The data

:::::

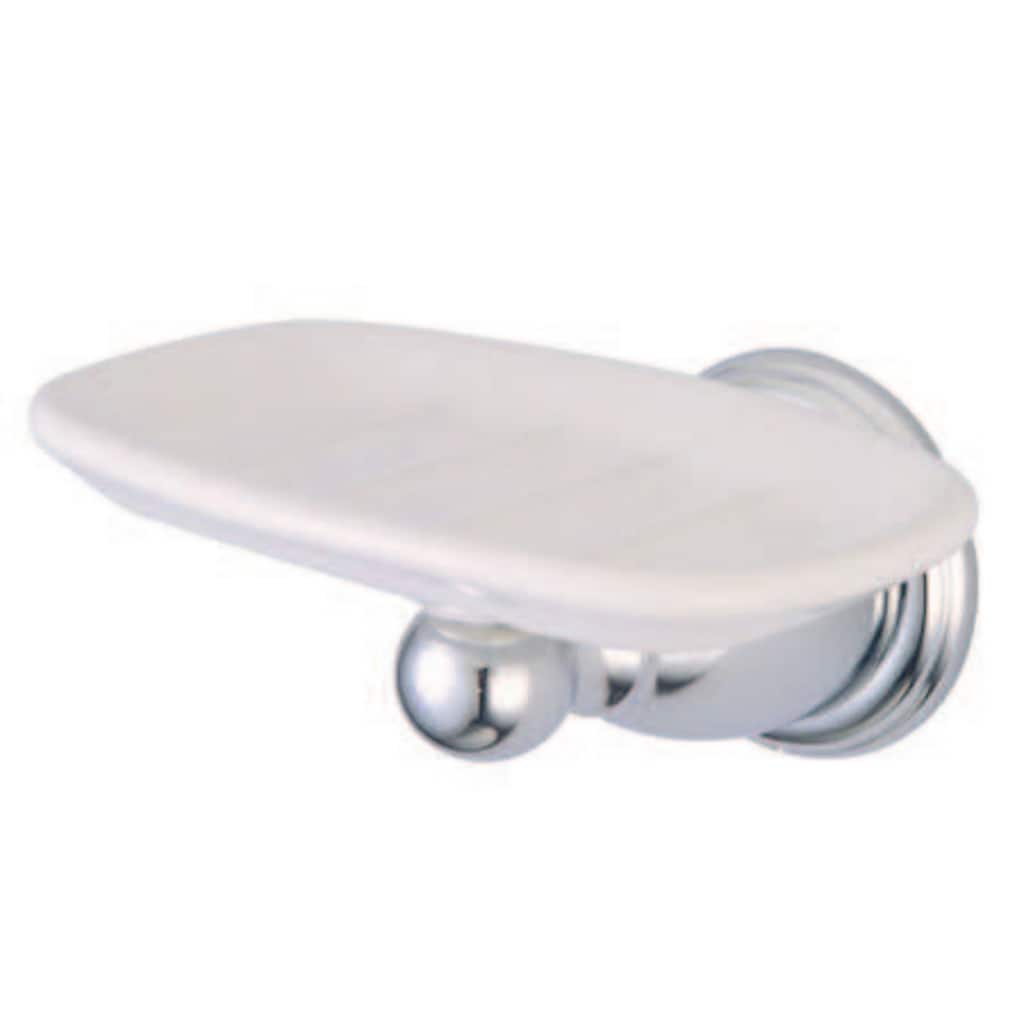 Heritage Wall-Mount Soap Dish Holder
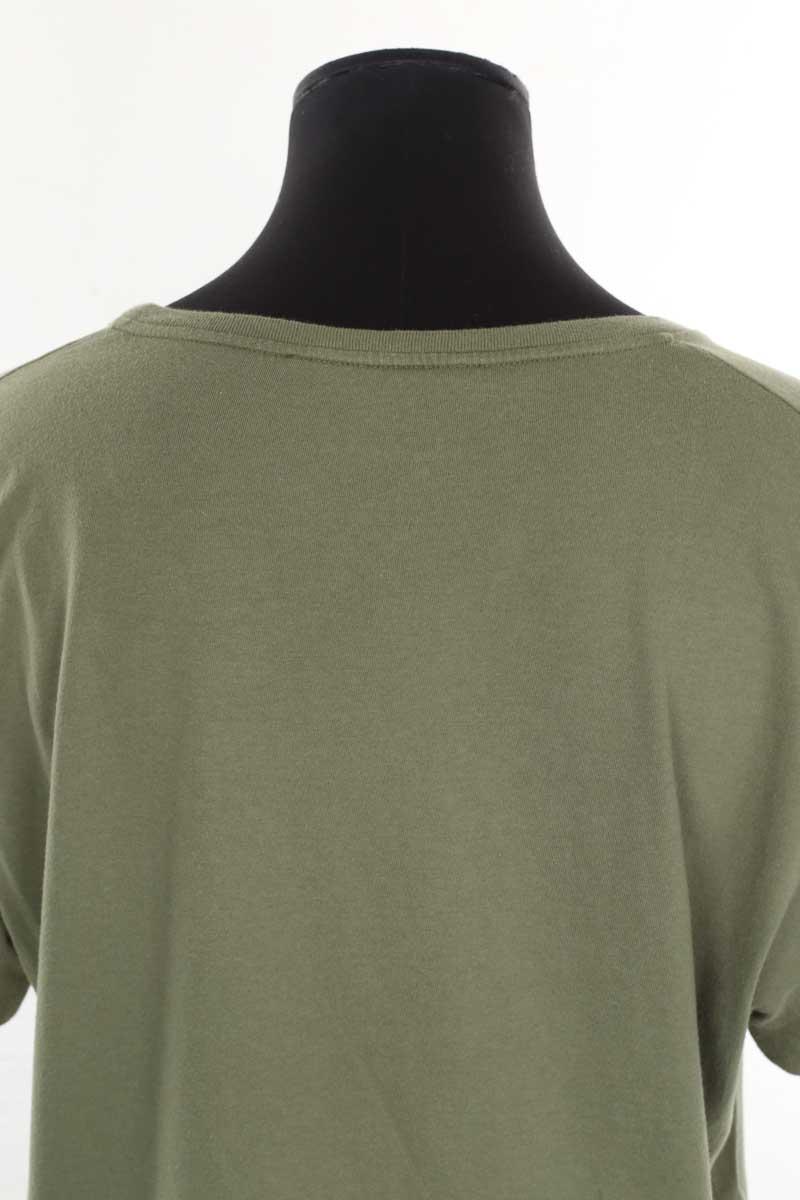 T-shirts Gucci  Kaki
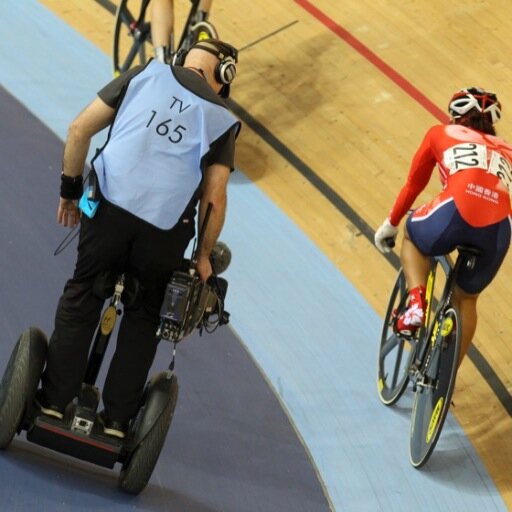 Specialist producer & distributor of road & track cycling. Currently covering the Women's Road World Cup, gearing up for Le Tour and counting down to the Vuelta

:::::

Exercise
Could you set down the data exactly as given, minus its pictures?

Solved exercise
 Heritage Wall-Mount Soap Dish Holder
 T-shirts Gucci  Kaki
 Specialist producer & distributor of road & track cycling. Currently covering the Women's Road World Cup, gearing up for Le Tour and counting down to the Vuelta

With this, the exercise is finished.